When sports radio talk hosts realize the cable scam is up for all these sports programming you know there are worries about the future of sports cable programming. Terry Boers and Jewish co-host Bernstein talked a bit about pending legislation to give consumers more choice on cable programming selection and that only forced to buy a bundle is what enables ESPN and other sports programming to become so widely available. If consumers actually had the ability as some in congress want them to select only the channels they prefer and not a bundle of five hundred cable channels that many of these useless channels wouldn't exist. No one would want the fishing network and basically the media sports complex would be majorly affected by these free-choice decisions on cable programming purchases that are so long over due.
If ESPN were taken out of the bundle, for example, it might need to cost as much as $30—instead of the roughly $6 per subscriber it currently charges as part of the bundle, according to SNL Kagan—to recoup its losses from reduced distribution and continue to afford its content.

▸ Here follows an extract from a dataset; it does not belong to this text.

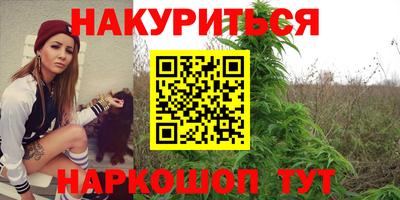 героин Старая Купавна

Only 20 million ‘super fan homes would pay $30/month for ESPN channels and that's a top estimate which would disastrously hit their advertising revenues as fewer of them would want to reach this limited audience of older males watching baseball. The sports world will have a much less significance in the broadcasting world and culture in general when this occurs. Guys like Bernstein and Boers will have to take groundskeeper jobs if they need desperately to work near major athletic events.